Spatial ergodicity and central limit theorems for parabolic Anderson model with delta initial condition (Q2056414)

In this article, the authors study the parabolic Anderson model $$ \partial_t u(t,x) = \frac{1}{2} \partial_x^2 u(t,x) + u(t,x) \eta(t,x), \quad t > 0, \,\, x \in \mathbb{R}, $$ with initial condition $u(0) = \delta_0$, where $\eta$ denotes space-time white noise on $\mathbb{R}_+ \times \mathbb{R}$. Consider the following renormalization of the solution $$ U(t,x) := \frac{u(t,x)}{p_t(x)} \quad \text{for all }t > 0\text{ and }x \in \mathbb{R},$$ where $$ p_t(x) = \frac{1}{\sqrt{2 \pi t}} e^{- \frac{x^2}{2t}} \quad \text{for all }t > 0\text{ and }x \in \mathbb{R}.$$ In their first main result (see Theorem 1.1) the authors show that the process $U(t)$ is weakly mixing, and hence also ergodic, for every $t > 0$. Together with the ergodic theorem, it follows that, for all $t \geq 0$, $$ \lim_{N \to \infty} \mathcal{S}_{N,t} = 0\text{ a.s. and in }L^1(\Omega),$$ where $$ \mathcal{S}_{N,t} := \frac{1}{N} \int_0^N [U(t,x) - 1] \text{d}x \text{ for all }N > 0\text{ and }t \geq 0.$$ In their second main result (see Theorem 1.2) the authors provide a quantitative central limit theorem.
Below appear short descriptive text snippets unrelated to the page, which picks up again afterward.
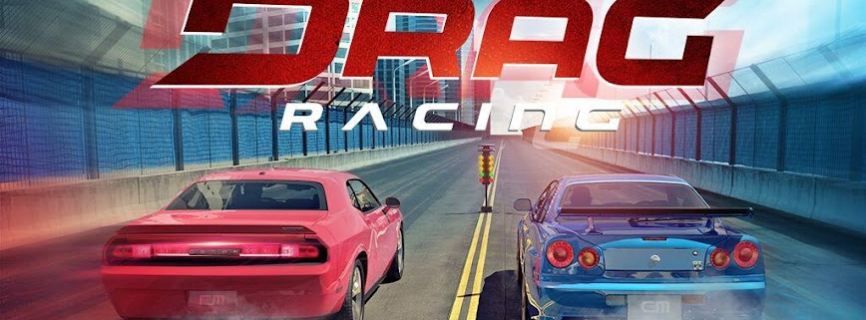 Drag Racing – موقع داونلود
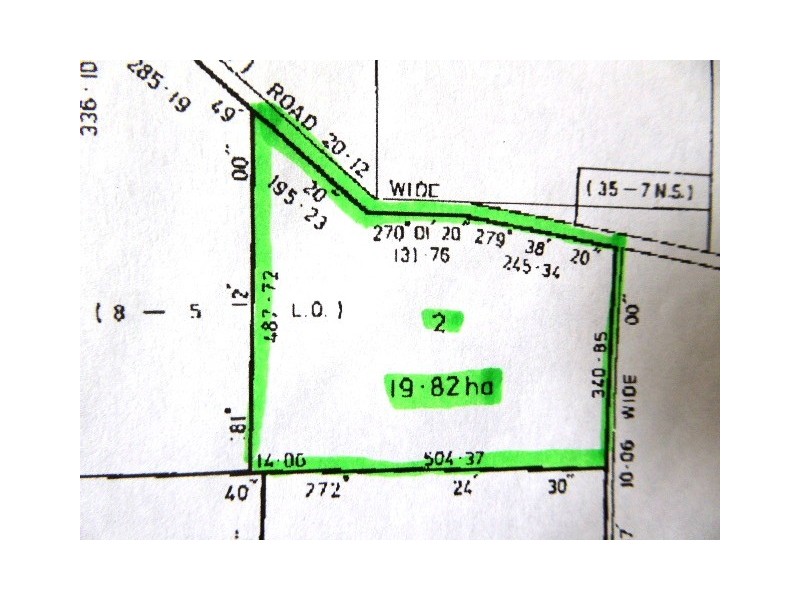 568 Lady Barron Road, Whitemark TAS 7255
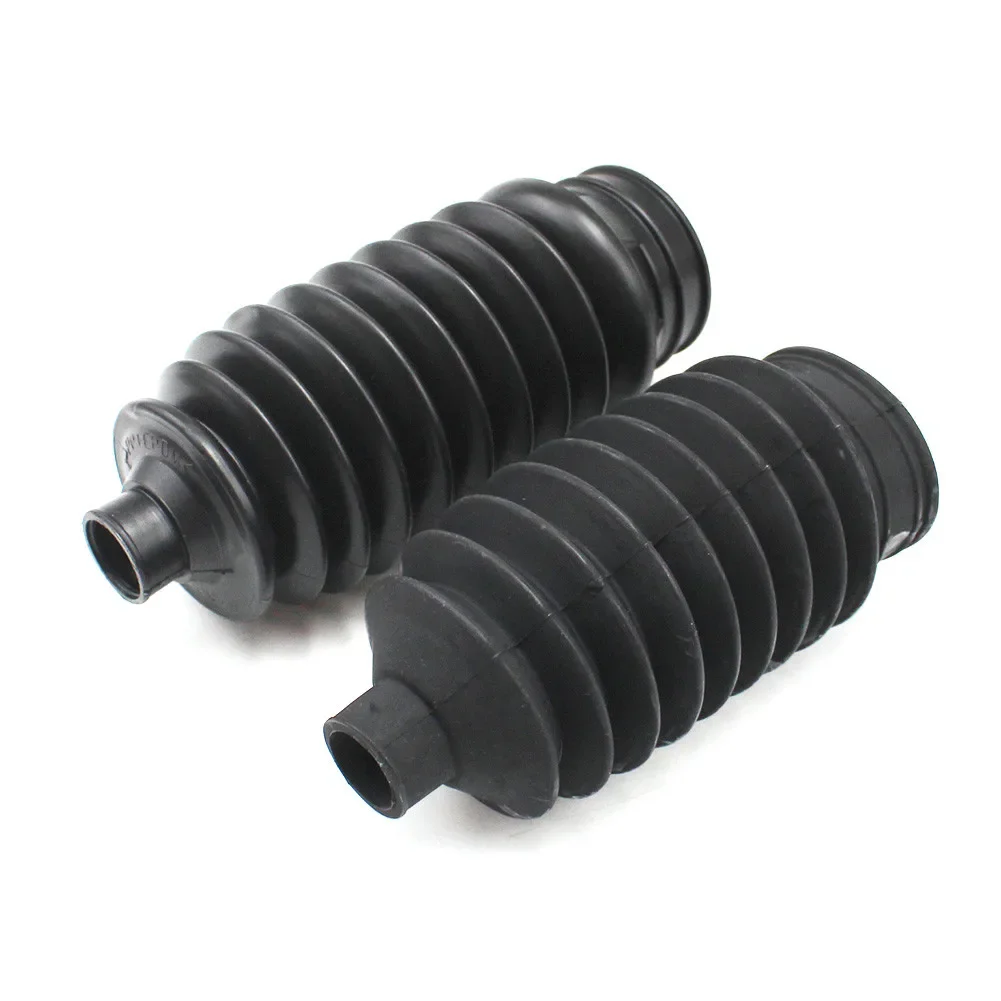 Car accessories 2PCS Steering Rack Boot Left Right 53535-SNA-A01 53534-SNA-A01 fit for Honda Civic 2006-2011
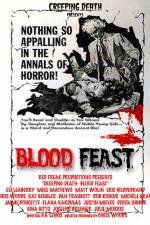 Watch Blood Feast 0123movies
Namely, for every $t > 0$ there exist $c = c(t) > 0$ and $N_0 = N_0(t) > \text{e}$ such that $$ d_{\mathrm{TV}} \bigg( \frac{\mathcal{S}_{N,t}}{\sqrt{\mathrm{Var}(\mathcal{S}_{N,t})}}, \mathrm{N}(0,1) \bigg) \leq c \sqrt{\frac{\log N}{N}} \text{ for all }N \geq N_0.$$ This result implies that, for all $t > 0$, $$ \sqrt{\frac{N}{\log N}} \mathcal{S}_{N,t} \overset{\text{d}}{\longrightarrow} \mathrm{N}(0,2t)\text{ as }N\to \infty.$$ More generally, in their third main result (see Theorem 1.3) the authors provide a functional central limit theorem. Namely, for any $T > 0$ we have $$ \sqrt{\frac{N}{\log N}} \mathcal{S}_{N,\bullet} \xrightarrow{C[0,T]} \sqrt{2} B\text{ as }N\to \infty,$$ where $B$ denotes a standard Brownian motion. It is left as an open problem whether the weak convergence $\xrightarrow{C[0,T]}$ in the Banach space $C[0,T]$ of continuous functions can be replaced by convergence in total variation.